The plan is to reread all of Stephen King’s works in the order that they were published. Richard Chizmar of Cemetery Dance had the vision. I’m doing it because I am a writer and I want to improve my fiction. And I love Stephen King’s stories. I think there is something to be learned through this process.
You can also go back to the beginning and read Before Carrie or any of my other posts up through this one and beyond by checking out this link to the Master List of all my #StephenKingRevisited posts.
The Dark Man is the illustrated edition of the short 1969 poem of the same name by Stephen King published by Cemetery Dance in 2013. It features the distinctive and raw black and white line illustrations of Glenn Chadbourne. It’s dedicated in memory of Carroll F. Terrell, scholar and friend.
The book is a 6×9 with the spine along the short side. The inverse of many books horror readers are familiar with. This allows for wide landscape images.
This poem is the birth of the infamous Randal Flagg himself, whole and complete, The Dark Man in his jeans and denim jacket, hitching his way along the road at night with his boot heels clicking against the asphalt between rides.
King wrote this on the back of a paper placemat from a restaurant while he was in college.
The book opens with the T.S. Elliot quote “Let us go then, you and I…”

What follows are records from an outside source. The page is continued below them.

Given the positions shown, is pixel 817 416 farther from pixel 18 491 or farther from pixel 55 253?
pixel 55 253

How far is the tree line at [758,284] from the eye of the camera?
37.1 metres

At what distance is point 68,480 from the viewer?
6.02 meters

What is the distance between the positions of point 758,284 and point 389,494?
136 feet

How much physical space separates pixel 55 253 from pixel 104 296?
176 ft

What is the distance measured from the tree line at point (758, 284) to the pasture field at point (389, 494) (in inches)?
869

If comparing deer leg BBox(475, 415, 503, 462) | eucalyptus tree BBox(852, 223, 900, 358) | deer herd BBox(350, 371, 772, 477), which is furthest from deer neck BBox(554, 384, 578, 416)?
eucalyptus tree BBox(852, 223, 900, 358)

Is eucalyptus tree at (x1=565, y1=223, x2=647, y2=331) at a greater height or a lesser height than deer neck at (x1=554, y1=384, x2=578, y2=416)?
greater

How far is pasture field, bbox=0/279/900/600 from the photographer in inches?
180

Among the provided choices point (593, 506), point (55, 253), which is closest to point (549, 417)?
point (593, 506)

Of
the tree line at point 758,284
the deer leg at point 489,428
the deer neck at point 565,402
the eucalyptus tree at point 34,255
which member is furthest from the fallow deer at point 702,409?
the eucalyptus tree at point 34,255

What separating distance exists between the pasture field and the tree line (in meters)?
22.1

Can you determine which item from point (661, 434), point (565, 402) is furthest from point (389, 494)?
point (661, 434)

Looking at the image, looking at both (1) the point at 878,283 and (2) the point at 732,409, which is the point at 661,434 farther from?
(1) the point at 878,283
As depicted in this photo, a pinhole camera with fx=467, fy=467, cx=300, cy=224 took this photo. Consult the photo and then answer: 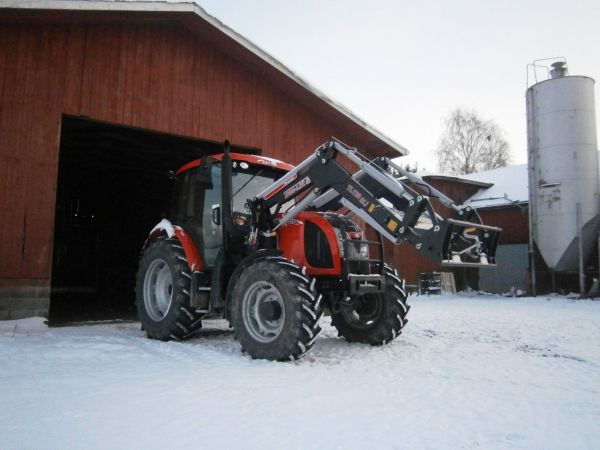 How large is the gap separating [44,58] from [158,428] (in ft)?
23.7

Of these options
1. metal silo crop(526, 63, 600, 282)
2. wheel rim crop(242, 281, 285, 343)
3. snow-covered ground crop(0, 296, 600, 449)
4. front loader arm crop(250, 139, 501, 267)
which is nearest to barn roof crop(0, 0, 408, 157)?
front loader arm crop(250, 139, 501, 267)

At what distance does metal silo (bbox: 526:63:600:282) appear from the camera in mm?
15680

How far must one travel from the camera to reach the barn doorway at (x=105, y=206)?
34.3ft

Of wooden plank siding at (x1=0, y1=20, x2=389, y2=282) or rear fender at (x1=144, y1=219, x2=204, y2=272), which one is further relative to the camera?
wooden plank siding at (x1=0, y1=20, x2=389, y2=282)

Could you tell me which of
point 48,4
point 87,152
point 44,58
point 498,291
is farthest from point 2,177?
point 498,291

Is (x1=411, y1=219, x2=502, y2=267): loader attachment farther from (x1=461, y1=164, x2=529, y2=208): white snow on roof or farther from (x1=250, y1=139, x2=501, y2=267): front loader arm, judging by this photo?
(x1=461, y1=164, x2=529, y2=208): white snow on roof

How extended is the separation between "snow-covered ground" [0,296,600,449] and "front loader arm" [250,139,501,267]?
127 centimetres

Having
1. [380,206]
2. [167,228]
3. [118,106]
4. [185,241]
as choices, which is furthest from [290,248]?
[118,106]

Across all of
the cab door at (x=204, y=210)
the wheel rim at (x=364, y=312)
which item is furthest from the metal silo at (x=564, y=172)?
the cab door at (x=204, y=210)

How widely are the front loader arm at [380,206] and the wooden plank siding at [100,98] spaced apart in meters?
4.17

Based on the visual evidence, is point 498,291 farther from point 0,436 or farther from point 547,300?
point 0,436

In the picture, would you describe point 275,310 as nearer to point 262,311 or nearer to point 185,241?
point 262,311

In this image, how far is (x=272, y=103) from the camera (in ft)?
34.7

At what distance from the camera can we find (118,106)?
848 centimetres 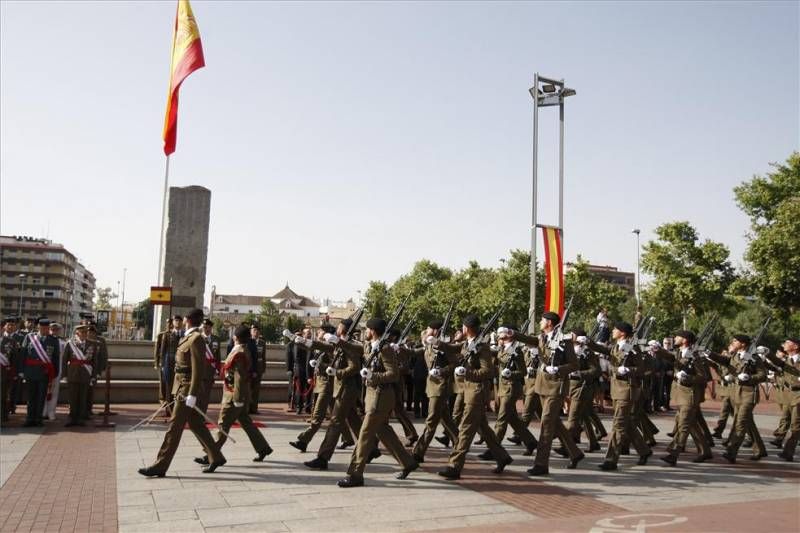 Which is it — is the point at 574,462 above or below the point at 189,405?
below

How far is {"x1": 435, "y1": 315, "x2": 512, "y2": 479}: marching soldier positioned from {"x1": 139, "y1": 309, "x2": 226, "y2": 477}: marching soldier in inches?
117

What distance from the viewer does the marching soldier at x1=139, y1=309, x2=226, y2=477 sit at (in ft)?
26.3

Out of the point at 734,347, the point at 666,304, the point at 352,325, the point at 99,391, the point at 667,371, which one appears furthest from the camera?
the point at 666,304

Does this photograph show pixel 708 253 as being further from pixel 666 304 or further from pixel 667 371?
pixel 667 371

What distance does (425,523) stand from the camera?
20.8 ft

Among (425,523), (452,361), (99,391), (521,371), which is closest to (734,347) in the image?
(521,371)

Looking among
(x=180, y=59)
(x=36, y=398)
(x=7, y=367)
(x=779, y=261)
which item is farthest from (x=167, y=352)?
(x=779, y=261)

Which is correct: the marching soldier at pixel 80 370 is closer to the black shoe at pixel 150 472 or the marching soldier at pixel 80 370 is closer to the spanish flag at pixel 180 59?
the black shoe at pixel 150 472

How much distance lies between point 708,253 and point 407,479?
1261 inches

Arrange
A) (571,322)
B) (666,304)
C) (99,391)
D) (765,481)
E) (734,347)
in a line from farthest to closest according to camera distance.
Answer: (571,322)
(666,304)
(99,391)
(734,347)
(765,481)

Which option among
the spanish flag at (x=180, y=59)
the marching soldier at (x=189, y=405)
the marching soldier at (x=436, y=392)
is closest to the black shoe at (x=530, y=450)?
the marching soldier at (x=436, y=392)

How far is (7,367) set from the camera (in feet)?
41.8

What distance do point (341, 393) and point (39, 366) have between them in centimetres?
690

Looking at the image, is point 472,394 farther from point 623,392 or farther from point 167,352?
point 167,352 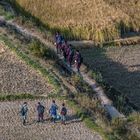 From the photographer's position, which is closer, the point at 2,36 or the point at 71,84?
the point at 71,84

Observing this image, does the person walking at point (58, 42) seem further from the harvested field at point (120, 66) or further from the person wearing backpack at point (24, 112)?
the person wearing backpack at point (24, 112)

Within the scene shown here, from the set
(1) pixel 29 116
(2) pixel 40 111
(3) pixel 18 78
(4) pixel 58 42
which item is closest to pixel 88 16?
(4) pixel 58 42

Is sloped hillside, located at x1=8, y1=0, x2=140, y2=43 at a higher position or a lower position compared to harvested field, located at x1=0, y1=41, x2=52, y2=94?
higher

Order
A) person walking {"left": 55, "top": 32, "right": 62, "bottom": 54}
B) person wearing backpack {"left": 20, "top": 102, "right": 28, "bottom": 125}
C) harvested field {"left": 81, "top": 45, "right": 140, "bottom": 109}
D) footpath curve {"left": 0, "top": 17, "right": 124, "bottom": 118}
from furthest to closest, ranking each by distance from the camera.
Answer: person walking {"left": 55, "top": 32, "right": 62, "bottom": 54} < harvested field {"left": 81, "top": 45, "right": 140, "bottom": 109} < footpath curve {"left": 0, "top": 17, "right": 124, "bottom": 118} < person wearing backpack {"left": 20, "top": 102, "right": 28, "bottom": 125}

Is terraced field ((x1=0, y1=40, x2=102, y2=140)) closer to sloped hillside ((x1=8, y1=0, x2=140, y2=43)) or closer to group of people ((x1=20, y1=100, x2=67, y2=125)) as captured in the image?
group of people ((x1=20, y1=100, x2=67, y2=125))

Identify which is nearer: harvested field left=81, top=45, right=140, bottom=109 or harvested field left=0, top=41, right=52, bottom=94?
harvested field left=0, top=41, right=52, bottom=94

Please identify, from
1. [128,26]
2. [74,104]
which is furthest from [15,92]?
[128,26]

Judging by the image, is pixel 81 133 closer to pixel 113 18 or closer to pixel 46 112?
pixel 46 112

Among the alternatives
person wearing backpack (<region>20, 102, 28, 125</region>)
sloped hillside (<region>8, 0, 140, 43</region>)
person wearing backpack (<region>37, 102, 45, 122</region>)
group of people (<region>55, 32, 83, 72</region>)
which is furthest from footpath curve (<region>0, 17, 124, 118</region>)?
person wearing backpack (<region>20, 102, 28, 125</region>)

The illustrations are the star and character of the work, no offense to King’s dark poem. There are lots of landscapes with scratchy detail and a dark figure in the backgrounds. We see railyards, cemeteries, an amusement park or two with a ferris wheel, the back of a semi truck trailer out of proportion in the mid ground, an eyeless doll, lots of spiders on things which is a recuring theme along the way, other vermin scurrying through frame, and a serpent misproportioned in terrifying distortion.
We have a few full spread illustrations without words from the poem. Even when there are words, we only get a couple or a few per page.
The “Witch Fire” illustration was particularly striking among many powerful images.
Violent details punctuate in shadow to make the illustrations more disturbing.
There is a violation spoken quickly at the end of the poem and the end of the book, leaving us abruptly with the Dark Man walking on.
The illustrations that accompanied the bios at the end for the author and the artists were interesting too.
Good luck finding a copy of this book if it intrigues you enough to try to get your hands on one. I’m still not sure how I got one.